Via Algarviana explained

IN THE Resident’s edition of July 7, we printed an article entitled Walk the length of the Algarve, about the Via Algarviana, an ecological pedestrian track, covering a distance of 240km across the Algarve region, which will be ready in 2007. Recently, we received a letter from reader Roderick Frew from Silves, who kindly reminded us about the history of this route. He wrote:

“The Via Algarviana was created, named and indeed the 240km route walked in its entirety (for charity) way back in 1998. Shortly after that, it was walked in reverse and twice covered on horses for charity. This wonderfully scenic, off-road Algarve hinterland route was pioneered by a group from the Algarve Wednesday Walkers to realise a dream of its creator, Maurice Clyde.

“Of the seven original participants who completed it, two still walk regularly with the Algarve Wednesday Walkers, but, sadly, Maurice himself had to return to the UK having had the misfortune of suffering a debilitating stroke.

“Although there were intermittent meetings with Almargem (the association of defence of culture and the environment of the Algarve) and its president João Santos, they had little time, or capacity, beyond their valuable work protecting the threatened Algarve countryside from predators, to develop or fund such proactive initiatives. Nevertheless, they certainly encouraged the project as best they could.

“This year, two other members of the Algarve Wednesday Walkers invested much time and energy in way-marking and describing the route. The fruits of their labours will shortly be available on a website.

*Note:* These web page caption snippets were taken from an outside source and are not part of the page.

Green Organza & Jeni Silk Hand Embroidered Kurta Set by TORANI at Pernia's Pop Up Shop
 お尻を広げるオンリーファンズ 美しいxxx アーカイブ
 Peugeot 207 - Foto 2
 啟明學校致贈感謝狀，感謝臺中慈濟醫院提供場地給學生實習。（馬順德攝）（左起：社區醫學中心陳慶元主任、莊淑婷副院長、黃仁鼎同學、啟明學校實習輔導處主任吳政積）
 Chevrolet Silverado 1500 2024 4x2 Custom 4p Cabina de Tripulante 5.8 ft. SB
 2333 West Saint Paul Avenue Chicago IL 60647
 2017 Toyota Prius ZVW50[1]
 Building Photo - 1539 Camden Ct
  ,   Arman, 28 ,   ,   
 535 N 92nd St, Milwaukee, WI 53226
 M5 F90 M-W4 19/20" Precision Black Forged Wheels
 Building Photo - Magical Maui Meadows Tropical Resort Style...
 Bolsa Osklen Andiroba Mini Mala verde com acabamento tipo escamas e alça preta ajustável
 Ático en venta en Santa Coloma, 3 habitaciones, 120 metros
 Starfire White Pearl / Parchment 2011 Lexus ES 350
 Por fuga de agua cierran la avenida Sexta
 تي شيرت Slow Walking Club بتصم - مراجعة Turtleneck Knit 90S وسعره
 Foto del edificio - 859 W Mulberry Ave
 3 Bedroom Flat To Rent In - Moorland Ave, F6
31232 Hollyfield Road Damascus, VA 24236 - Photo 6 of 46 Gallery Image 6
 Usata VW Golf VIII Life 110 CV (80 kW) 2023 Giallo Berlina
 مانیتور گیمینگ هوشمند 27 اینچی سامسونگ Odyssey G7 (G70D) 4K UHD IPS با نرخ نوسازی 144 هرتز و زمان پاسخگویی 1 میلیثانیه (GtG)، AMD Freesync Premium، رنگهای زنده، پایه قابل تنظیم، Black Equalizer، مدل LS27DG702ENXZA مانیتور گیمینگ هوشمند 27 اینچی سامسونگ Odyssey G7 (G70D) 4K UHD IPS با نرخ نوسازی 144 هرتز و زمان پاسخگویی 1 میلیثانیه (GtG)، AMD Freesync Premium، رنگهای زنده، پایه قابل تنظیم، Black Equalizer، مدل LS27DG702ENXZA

“Almargem now seem to have the desire, time and funding to create an officially way-marked GR (part of a trans-European network of walking routes). This can only be a good thing and it is to be hoped that co-operation between them and the Algarve Wednesday Walkers will continue. It should not be forgotten, however, that were it not for Maurice Clyde and the original walkers, the Via Algarviana would never have been.”